## EXERCISE INPUTS

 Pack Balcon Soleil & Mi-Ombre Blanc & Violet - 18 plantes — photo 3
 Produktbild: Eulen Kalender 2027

...

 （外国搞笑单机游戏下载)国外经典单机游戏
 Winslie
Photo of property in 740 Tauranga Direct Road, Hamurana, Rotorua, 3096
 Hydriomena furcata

--

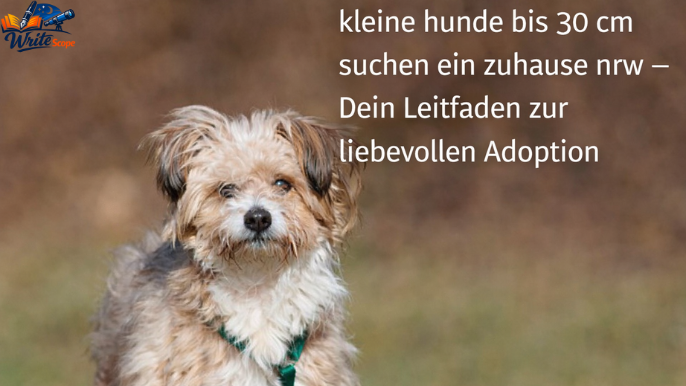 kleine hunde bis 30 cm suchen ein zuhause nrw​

## WHAT THIS TASK INVOLVES
Set down, from the entries above, exactly the lines from the one with "Photo of property" up to and including the one with "Hydriomena furcata", and no other lines.

## YOUR SOLUTION
Photo of property in 740 Tauranga Direct Road, Hamurana, Rotorua, 3096
 Hydriomena furcata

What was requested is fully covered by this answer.